**What you have to do:**
All of the listing below must be repeated word for word. Pictures are the only thing to omit.

-------- Information supplied --------

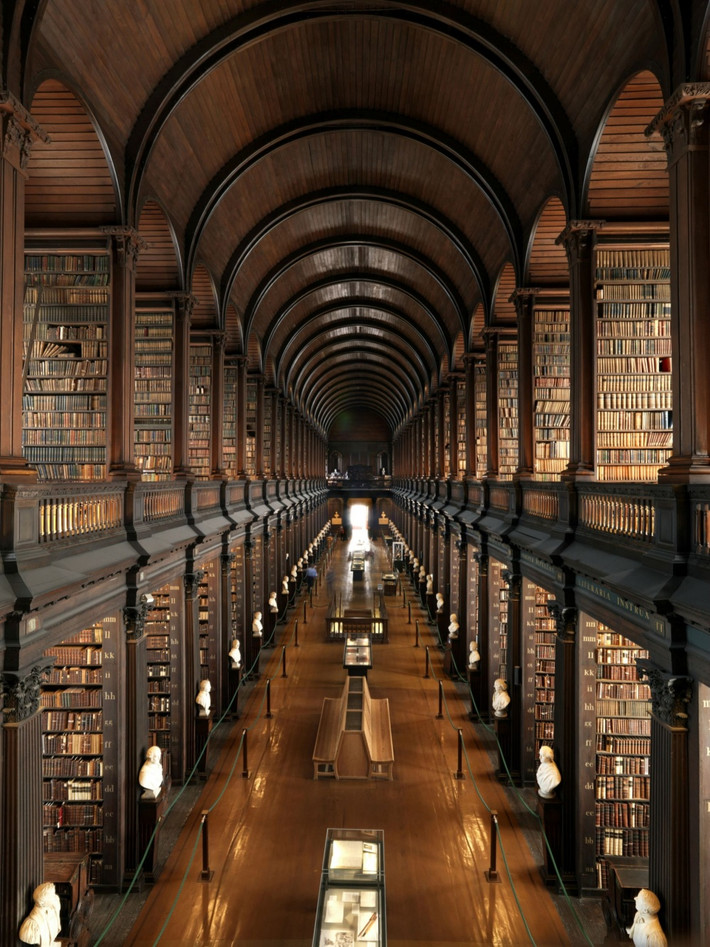 Thư viện đại học Trinity, Dublin, Iceland.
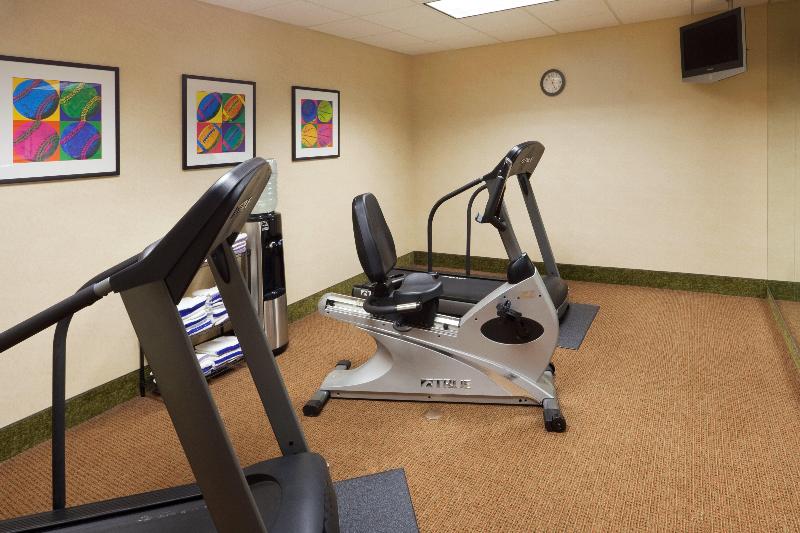 Holiday Inn Express and Suites Freeport Brunswick image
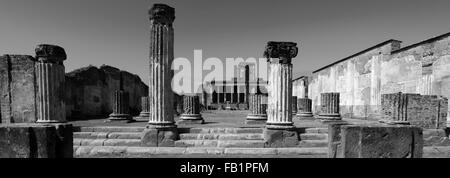 La Basilica area, Forum di Pompei, la città romana sepolta nella lava vicino a Napoli città patrimonio mondiale UNESCO 1997, Campania Foto Stock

--------

**Output for this task:**
 Thư viện đại học Trinity, Dublin, Iceland.
 Holiday Inn Express and Suites Freeport Brunswick image
 La Basilica area, Forum di Pompei, la città romana sepolta nella lava vicino a Napoli città patrimonio mondiale UNESCO 1997, Campania Foto Stock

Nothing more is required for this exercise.